→ **Task statement**
Pictures must not appear in the copy. Reproduce exactly, and only, the lines from the one with "Pole pszenicy zielony" through the end of the data below.

→ **Web page caption snippets**
+++++

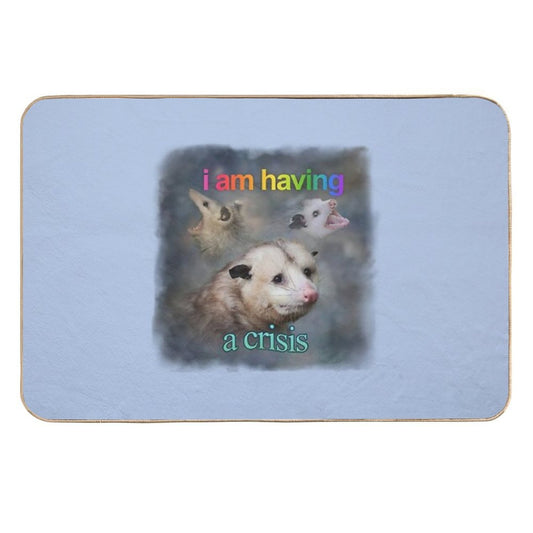 I Am Having A Crisis Possum Word Art  Repositionable Bath Mat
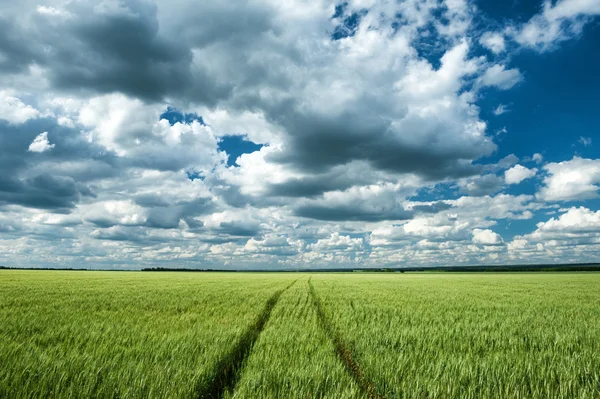Pole pszenicy zielony i niebieski niebo pejzaż wiosna — Zdjęcie stockowe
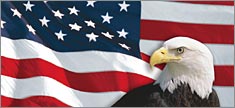 US Flag 1 with Eagle for Slider Windows - Truck or SUV Rear Window Graphic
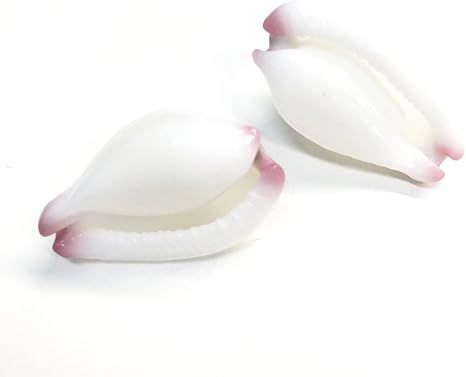 Amazon Co Jp ウミウサギ 貝 天然パーツ 4個入り ホビー 通販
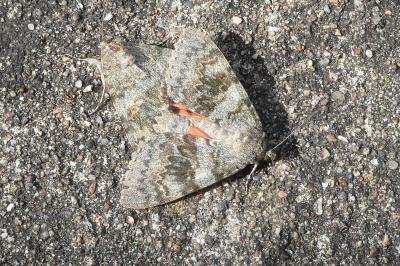 <i>Catocala nupta</i>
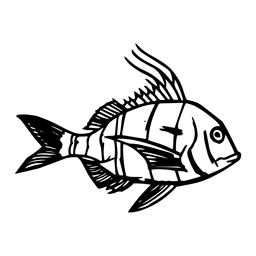 Detail Fisch Bilder Gezeichnet Nomer 20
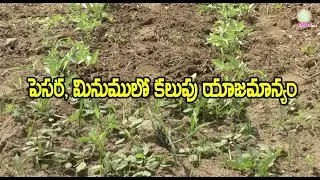 Weed management in green gram and black gram.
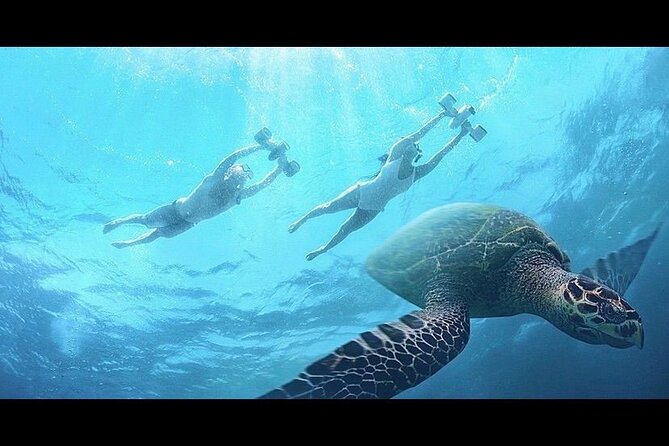 Snorkeling with Sea Scooters and Sea Adventure - Offshore - Turks and Caicos Marine Life You Can Aim to See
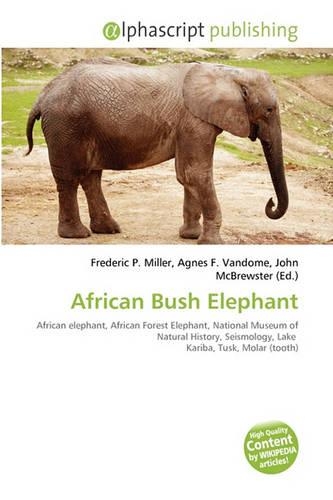 African Bush Elephant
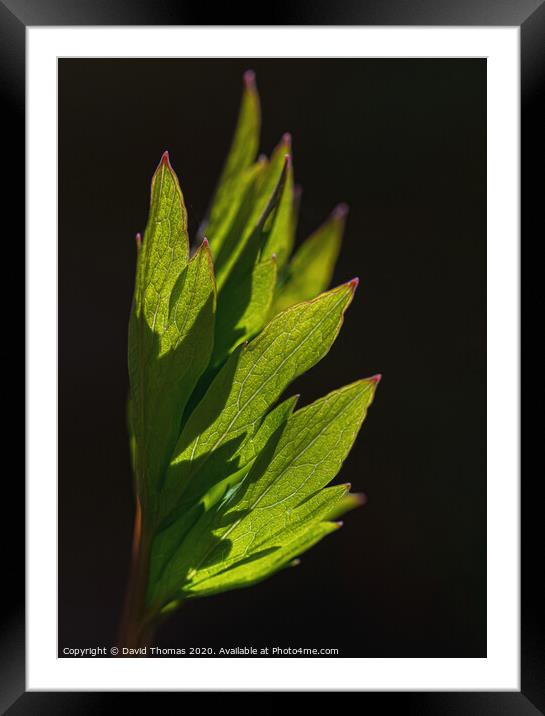 The Delicate Detail of a Bleeding Heart Leaf Framed Mounted Print by David Thomas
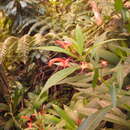 Image of Lobelia persicifolia Lam.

+++++

→ **Your response**
Pole pszenicy zielony i niebieski niebo pejzaż wiosna — Zdjęcie stockowe
 US Flag 1 with Eagle for Slider Windows - Truck or SUV Rear Window Graphic
 Amazon Co Jp ウミウサギ 貝 天然パーツ 4個入り ホビー 通販
 <i>Catocala nupta</i>
 Detail Fisch Bilder Gezeichnet Nomer 20
 Weed management in green gram and black gram.
 Snorkeling with Sea Scooters and Sea Adventure - Offshore - Turks and Caicos Marine Life You Can Aim to See
 African Bush Elephant
 The Delicate Detail of a Bleeding Heart Leaf Framed Mounted Print by David Thomas
 Image of Lobelia persicifolia Lam.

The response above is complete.